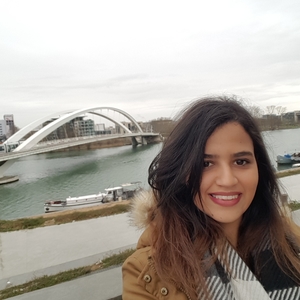 Soukaina - Prof d'anglais - Tours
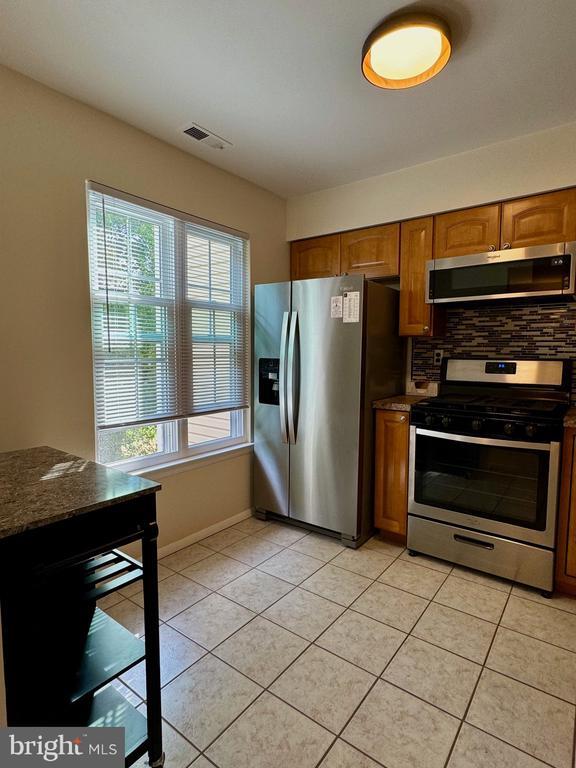 Foto del edificio - 206 Boothby Ct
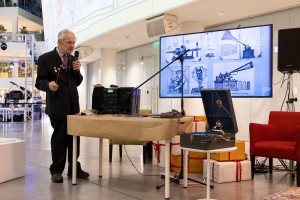 Встречи в «Гостиной под абажуром». Коллекционер музыкальных пластинок Борис Кошелев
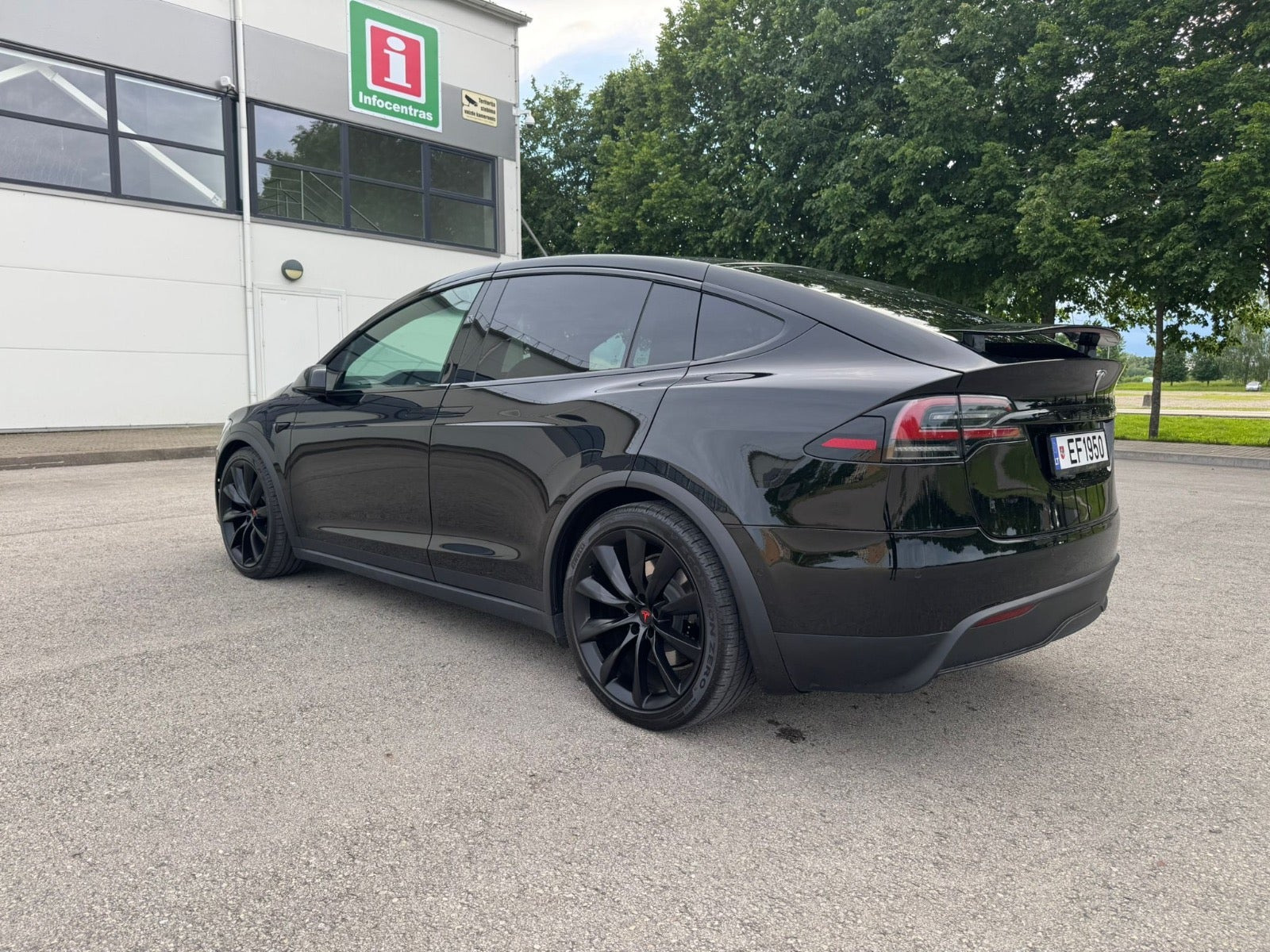 Sort Tesla Model X fra 2023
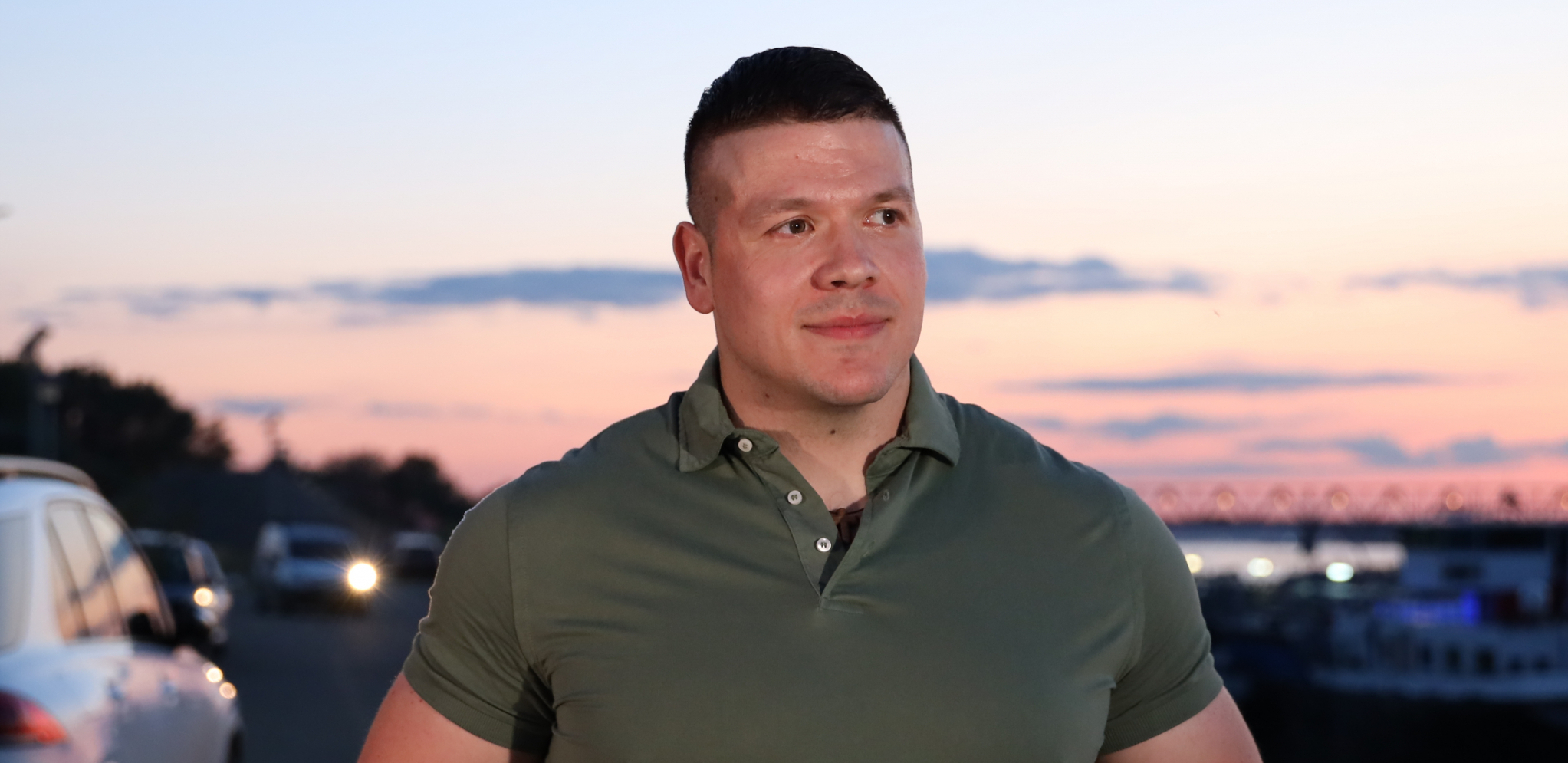 AU, SLOBO, KAO MAŠINA SI! Radanović pokazao zmijsko telo, žene u agoniji što je oženjen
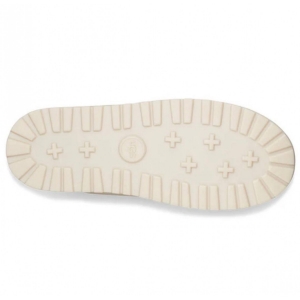 UGG Women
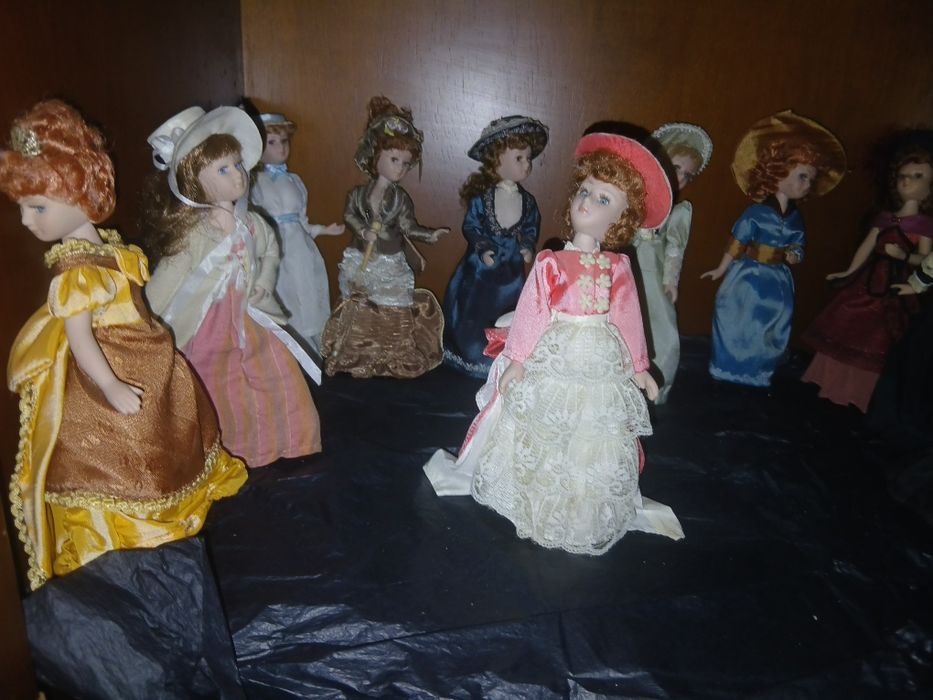 Colecao  24 boneca procelana por 100 €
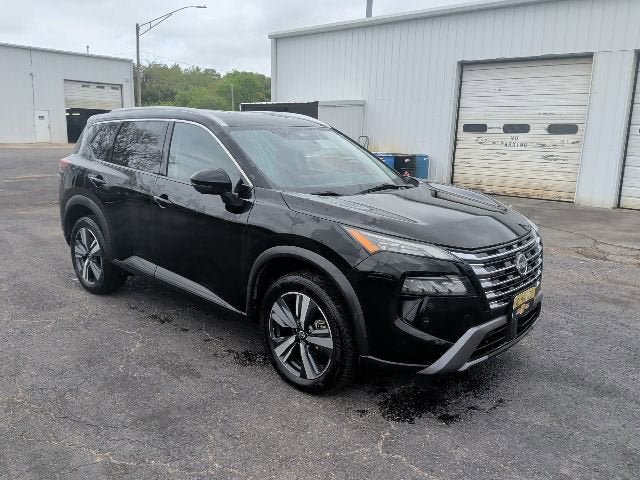 Used 2024 Nissan Rogue SL AWD/4WD image 8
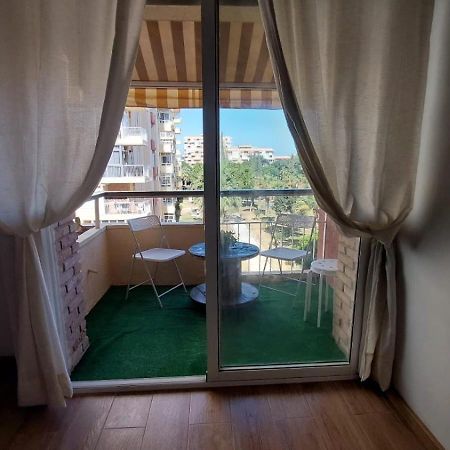 Beautiful Flat Apartment เบนัลมาเดนา ภายนอก รูปภาพ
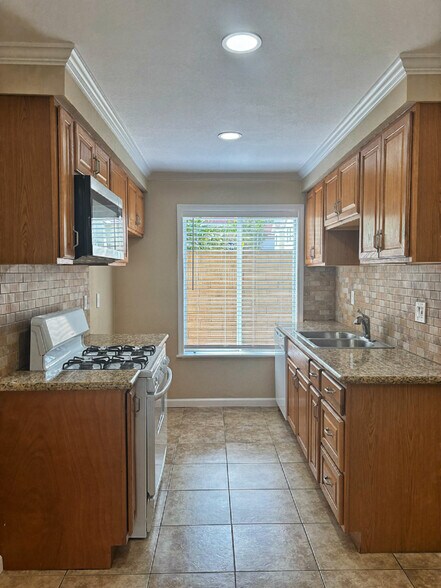 Building Photo - 7601 Wyoming St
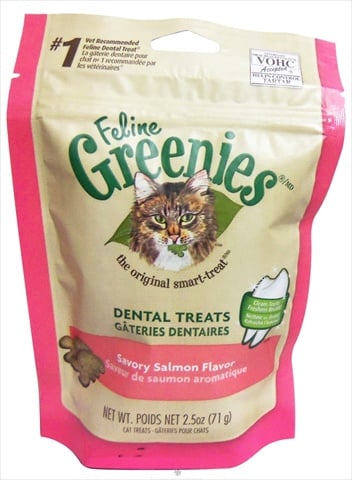 428572 Green Feline Dental Salmon Treats 2.5 Oz.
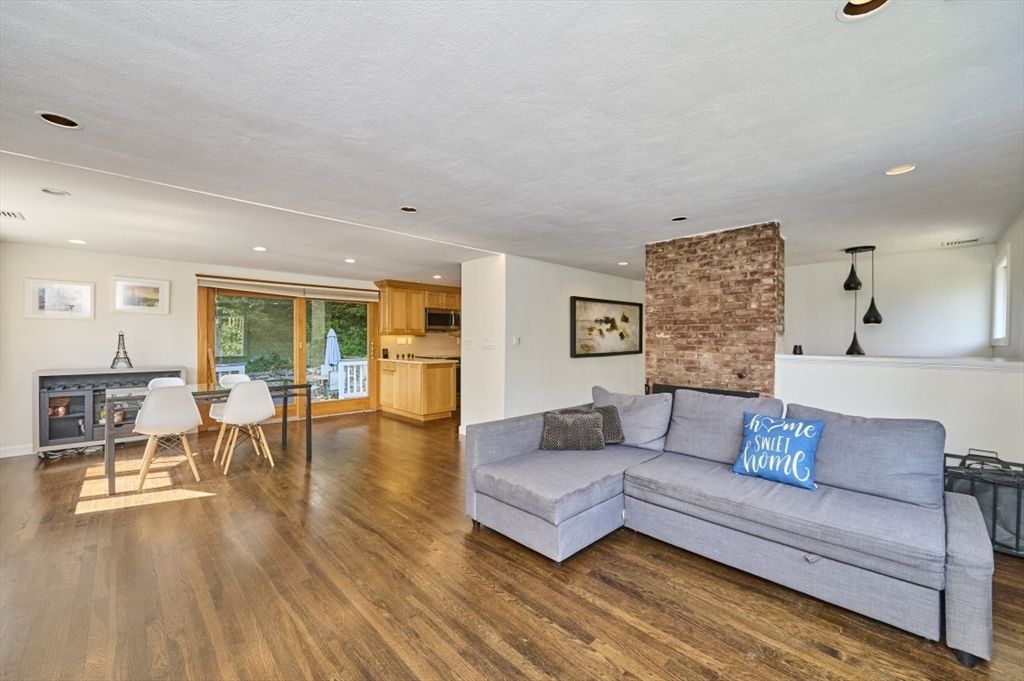 Home Office, Interior, Kitchen, Recessed Lighting, Wood Texture Flooring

──────

**AIM OF THE TASK**
In the copy, leave out all pictures, and retype exactly each line from the one with "Building Photo - 7601 Wyoming St" through the last line of the entries.

**COMPLETED TASK**
 Building Photo - 7601 Wyoming St
 428572 Green Feline Dental Salmon Treats 2.5 Oz.
 Home Office, Interior, Kitchen, Recessed Lighting, Wood Texture Flooring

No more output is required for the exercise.